_Extracted data entries_
^^^^^^^^^^^^^^^^
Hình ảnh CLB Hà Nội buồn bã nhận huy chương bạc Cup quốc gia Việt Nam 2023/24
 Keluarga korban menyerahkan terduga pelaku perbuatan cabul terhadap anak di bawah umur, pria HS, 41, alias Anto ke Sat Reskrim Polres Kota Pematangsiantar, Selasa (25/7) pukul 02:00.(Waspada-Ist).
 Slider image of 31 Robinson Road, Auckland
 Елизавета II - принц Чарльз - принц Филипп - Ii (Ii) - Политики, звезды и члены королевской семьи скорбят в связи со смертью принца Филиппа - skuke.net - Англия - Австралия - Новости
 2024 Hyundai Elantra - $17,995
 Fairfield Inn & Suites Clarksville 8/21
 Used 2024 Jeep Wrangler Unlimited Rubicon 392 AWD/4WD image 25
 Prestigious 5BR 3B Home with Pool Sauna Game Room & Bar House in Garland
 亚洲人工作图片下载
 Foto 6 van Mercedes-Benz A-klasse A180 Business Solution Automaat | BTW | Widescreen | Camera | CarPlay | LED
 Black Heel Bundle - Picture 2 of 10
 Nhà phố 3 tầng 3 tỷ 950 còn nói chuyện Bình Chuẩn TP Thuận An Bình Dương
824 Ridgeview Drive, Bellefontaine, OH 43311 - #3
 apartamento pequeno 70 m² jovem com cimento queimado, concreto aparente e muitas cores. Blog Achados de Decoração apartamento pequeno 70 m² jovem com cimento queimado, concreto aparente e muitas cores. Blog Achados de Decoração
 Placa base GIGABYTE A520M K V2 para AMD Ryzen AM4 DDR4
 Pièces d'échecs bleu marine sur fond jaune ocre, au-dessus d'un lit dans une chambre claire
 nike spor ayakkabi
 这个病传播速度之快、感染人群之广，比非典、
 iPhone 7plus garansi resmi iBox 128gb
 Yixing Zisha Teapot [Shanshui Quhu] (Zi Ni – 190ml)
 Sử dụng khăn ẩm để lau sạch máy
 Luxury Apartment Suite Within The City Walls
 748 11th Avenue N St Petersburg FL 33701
^^^^^^^^^^^^^^^^
_Work instruction_
In full and without changes, copy the entries above.

_Solution_
Hình ảnh CLB Hà Nội buồn bã nhận huy chương bạc Cup quốc gia Việt Nam 2023/24
 Keluarga korban menyerahkan terduga pelaku perbuatan cabul terhadap anak di bawah umur, pria HS, 41, alias Anto ke Sat Reskrim Polres Kota Pematangsiantar, Selasa (25/7) pukul 02:00.(Waspada-Ist).
 Slider image of 31 Robinson Road, Auckland
 Елизавета II - принц Чарльз - принц Филипп - Ii (Ii) - Политики, звезды и члены королевской семьи скорбят в связи со смертью принца Филиппа - skuke.net - Англия - Австралия - Новости
 2024 Hyundai Elantra - $17,995
 Fairfield Inn & Suites Clarksville 8/21
 Used 2024 Jeep Wrangler Unlimited Rubicon 392 AWD/4WD image 25
 Prestigious 5BR 3B Home with Pool Sauna Game Room & Bar House in Garland
 亚洲人工作图片下载
 Foto 6 van Mercedes-Benz A-klasse A180 Business Solution Automaat | BTW | Widescreen | Camera | CarPlay | LED
 Black Heel Bundle - Picture 2 of 10
 Nhà phố 3 tầng 3 tỷ 950 còn nói chuyện Bình Chuẩn TP Thuận An Bình Dương
824 Ridgeview Drive, Bellefontaine, OH 43311 - #3
 apartamento pequeno 70 m² jovem com cimento queimado, concreto aparente e muitas cores. Blog Achados de Decoração apartamento pequeno 70 m² jovem com cimento queimado, concreto aparente e muitas cores. Blog Achados de Decoração
 Placa base GIGABYTE A520M K V2 para AMD Ryzen AM4 DDR4
 Pièces d'échecs bleu marine sur fond jaune ocre, au-dessus d'un lit dans une chambre claire
 nike spor ayakkabi
 这个病传播速度之快、感染人群之广，比非典、
 iPhone 7plus garansi resmi iBox 128gb
 Yixing Zisha Teapot [Shanshui Quhu] (Zi Ni – 190ml)
 Sử dụng khăn ẩm để lau sạch máy
 Luxury Apartment Suite Within The City Walls
 748 11th Avenue N St Petersburg FL 33701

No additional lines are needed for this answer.